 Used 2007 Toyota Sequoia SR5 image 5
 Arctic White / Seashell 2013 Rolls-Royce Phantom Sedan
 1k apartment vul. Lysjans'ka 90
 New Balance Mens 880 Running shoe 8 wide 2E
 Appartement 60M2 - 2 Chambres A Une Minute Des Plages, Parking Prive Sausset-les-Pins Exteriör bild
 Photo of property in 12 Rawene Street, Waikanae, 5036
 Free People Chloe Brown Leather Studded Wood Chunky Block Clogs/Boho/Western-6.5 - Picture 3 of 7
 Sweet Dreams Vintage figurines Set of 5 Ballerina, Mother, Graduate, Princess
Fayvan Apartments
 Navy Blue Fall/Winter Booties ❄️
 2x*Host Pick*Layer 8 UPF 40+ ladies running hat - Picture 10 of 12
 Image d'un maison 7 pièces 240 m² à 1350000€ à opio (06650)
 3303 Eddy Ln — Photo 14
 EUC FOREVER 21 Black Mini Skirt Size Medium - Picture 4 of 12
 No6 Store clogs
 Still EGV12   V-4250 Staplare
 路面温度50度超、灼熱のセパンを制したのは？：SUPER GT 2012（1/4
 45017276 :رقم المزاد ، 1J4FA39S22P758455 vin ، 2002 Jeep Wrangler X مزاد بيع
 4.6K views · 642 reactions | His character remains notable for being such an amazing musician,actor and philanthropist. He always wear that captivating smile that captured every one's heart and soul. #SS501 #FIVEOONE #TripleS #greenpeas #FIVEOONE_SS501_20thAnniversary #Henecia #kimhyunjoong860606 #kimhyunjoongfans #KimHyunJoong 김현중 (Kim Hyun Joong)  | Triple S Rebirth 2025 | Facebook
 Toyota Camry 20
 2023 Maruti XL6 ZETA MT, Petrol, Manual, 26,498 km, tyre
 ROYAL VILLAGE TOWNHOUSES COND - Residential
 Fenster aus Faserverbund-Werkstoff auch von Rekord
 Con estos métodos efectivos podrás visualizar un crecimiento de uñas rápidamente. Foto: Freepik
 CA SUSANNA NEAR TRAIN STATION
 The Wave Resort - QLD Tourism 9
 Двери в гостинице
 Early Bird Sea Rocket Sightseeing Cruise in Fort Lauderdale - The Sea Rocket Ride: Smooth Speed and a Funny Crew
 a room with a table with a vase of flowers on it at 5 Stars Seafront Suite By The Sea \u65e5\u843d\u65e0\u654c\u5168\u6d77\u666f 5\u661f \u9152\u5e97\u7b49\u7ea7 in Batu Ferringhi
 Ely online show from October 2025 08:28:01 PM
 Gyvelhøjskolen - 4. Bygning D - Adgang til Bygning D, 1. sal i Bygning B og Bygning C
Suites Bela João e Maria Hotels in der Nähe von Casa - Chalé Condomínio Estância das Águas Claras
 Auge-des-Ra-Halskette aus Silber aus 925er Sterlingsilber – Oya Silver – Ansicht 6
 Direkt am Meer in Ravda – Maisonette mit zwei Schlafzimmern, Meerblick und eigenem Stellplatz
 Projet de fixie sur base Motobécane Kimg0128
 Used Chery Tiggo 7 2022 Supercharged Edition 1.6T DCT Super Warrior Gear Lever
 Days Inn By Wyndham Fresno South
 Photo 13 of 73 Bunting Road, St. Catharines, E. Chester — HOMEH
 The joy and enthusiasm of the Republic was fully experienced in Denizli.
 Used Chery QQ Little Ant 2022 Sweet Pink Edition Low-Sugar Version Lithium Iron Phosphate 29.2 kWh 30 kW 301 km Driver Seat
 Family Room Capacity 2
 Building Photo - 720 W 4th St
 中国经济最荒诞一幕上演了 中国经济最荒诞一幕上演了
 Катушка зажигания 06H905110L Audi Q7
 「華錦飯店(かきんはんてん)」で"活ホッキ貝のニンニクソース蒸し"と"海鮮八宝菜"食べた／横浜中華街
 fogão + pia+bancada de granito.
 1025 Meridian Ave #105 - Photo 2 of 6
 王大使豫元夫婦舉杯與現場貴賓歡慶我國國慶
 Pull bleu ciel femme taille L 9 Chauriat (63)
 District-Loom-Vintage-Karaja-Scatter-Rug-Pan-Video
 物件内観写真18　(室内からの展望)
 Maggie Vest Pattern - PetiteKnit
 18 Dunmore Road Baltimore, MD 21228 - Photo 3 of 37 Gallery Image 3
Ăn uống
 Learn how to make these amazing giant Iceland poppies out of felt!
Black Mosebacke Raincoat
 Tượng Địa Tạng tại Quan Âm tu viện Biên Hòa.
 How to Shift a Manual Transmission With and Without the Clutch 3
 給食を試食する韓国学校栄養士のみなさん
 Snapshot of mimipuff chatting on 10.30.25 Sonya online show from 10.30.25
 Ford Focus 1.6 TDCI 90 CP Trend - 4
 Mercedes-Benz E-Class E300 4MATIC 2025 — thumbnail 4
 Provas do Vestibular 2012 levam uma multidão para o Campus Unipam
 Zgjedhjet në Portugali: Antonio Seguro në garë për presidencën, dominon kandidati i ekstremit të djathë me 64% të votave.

+--

Description of the task — Within the records above, count each line holding "Black". Write down only the number.

Your response — 2